Mrs Howlett said: “We are a 100-acre farm, but without the B&B we would not be here. My son Philip runs contract chickens now, which is another regular income, but the B&B has become the mainstay of the business.
“We are currently finding a lot of people coming from Norwich or Beccles, and they say it is because the fuel is so expensive, so it is cheaper than going up to Yorkshire or somewhere like that.
“We are a working family farm, so people love to come and see the animals and feed the lambs and see what we are doing. We use our own sausages and bacon through the B&B, people really like that.”
The B&B serves home-cooked breakfasts and meals using free-range meats, eggs and vegetables produced on the farm, which has 100 pedigree Hereford cows, 20,000 free-range chickens on a contract with Traditional Norfolk Poultry, and some sheep and pigs.
Mr Howlett said: “The farm is part of the tourist angle.
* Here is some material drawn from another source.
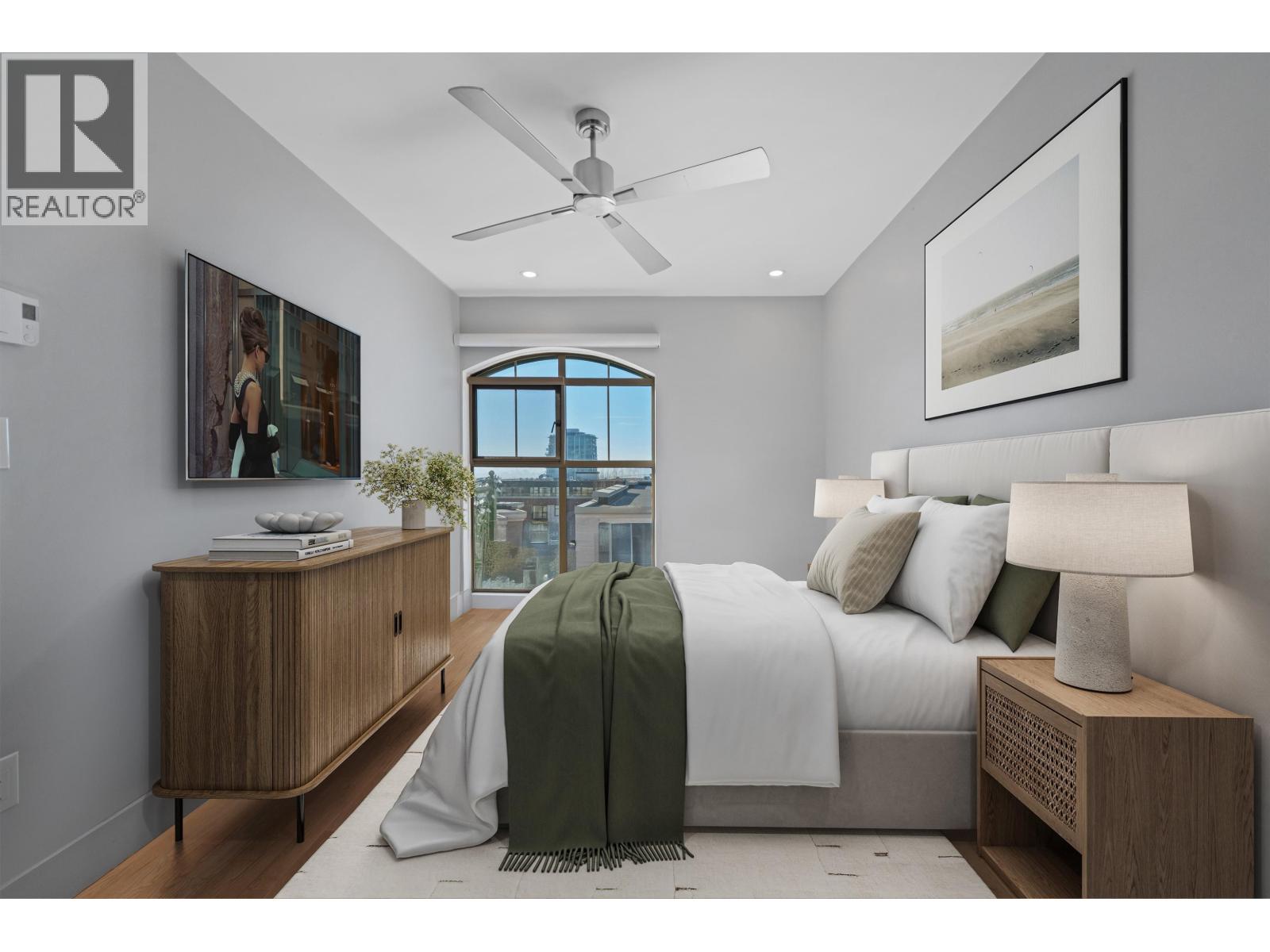 414 332 Lonsdale Avenue, North Vancouver, British Columbia  V7M 3M5 - Photo 2 - R3082991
People stay here because we are a working farm, rather than just a room in the middle of nowhere.
“We encourage people to wander around and have a look at things. Sometimes I will take them for a drive around in the truck when we are calving, so they get a close look at what is happening.
“I think it is really important to show people that, and they usually go home a little bit wiser.
“Quite a big percentage of farms now have some non-agriculture income streams. I think perhaps it is the smaller farms that really need to look at it. The larger farms still seem to be able to survive on just agriculture.
“We have got about 100 acres. Being a small farm, we found out quite a long time ago that what we were doing was not viable on its own.”
For 25 years, the accommodation at Little Abbey Farm has been listed via Farm Stay, founded in 1983 as the UK’s first not-for-profit farmer-owned consortium aimed at promoting the agri-tourism industry.
According to Farm Stay data, Norfolk is the third most popular destination for rural holidays and farm stays, behind Yorkshire and Cornwall.
It has also reported 45pc surge in bookings since 2018, the greatest increase in its history.
Farm Stay chairperson Kay Barriball said: “Whilst our clientele and members have always been dedicated to sustainability, we see this as a trend which will become even more pronounced post-pandemic, both in terms of what our members offer, and what guests look for in a holiday.”